Short descriptive text snippets

---

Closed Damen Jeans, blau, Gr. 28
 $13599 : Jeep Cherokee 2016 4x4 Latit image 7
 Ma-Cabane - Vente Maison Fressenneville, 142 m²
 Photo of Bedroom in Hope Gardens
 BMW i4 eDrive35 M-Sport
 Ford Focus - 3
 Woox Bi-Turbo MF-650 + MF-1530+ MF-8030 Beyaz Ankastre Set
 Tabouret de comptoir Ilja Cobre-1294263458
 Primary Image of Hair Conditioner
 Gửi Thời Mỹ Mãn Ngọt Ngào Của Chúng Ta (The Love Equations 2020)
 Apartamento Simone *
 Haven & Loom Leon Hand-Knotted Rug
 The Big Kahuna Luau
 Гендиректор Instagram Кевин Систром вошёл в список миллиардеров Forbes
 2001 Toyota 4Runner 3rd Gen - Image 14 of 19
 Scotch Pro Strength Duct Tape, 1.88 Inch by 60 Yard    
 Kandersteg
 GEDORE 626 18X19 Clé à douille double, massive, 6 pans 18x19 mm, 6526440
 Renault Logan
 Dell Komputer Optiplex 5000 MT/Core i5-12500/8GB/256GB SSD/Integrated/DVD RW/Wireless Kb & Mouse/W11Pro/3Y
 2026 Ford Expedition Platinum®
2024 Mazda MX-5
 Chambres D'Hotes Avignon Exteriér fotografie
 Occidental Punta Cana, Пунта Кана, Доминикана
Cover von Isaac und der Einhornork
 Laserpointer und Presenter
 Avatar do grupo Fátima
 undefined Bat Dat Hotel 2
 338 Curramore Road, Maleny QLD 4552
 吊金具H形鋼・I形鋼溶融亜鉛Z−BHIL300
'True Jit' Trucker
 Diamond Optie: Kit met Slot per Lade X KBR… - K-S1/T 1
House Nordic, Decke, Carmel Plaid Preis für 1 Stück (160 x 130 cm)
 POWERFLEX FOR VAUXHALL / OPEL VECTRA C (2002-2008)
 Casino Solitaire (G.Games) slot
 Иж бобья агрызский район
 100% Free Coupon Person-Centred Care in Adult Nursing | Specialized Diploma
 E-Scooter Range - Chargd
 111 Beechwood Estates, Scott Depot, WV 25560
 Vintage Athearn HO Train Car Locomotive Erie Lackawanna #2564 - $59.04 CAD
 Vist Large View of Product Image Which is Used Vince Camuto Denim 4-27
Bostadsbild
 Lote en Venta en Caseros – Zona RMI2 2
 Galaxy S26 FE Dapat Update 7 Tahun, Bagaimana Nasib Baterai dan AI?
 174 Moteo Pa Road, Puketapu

---

### Task to carry out
Copy each line in the entries above where the word "Ford" shows up.

### Answer to this task
 Ford Focus - 3
 2026 Ford Expedition Platinum®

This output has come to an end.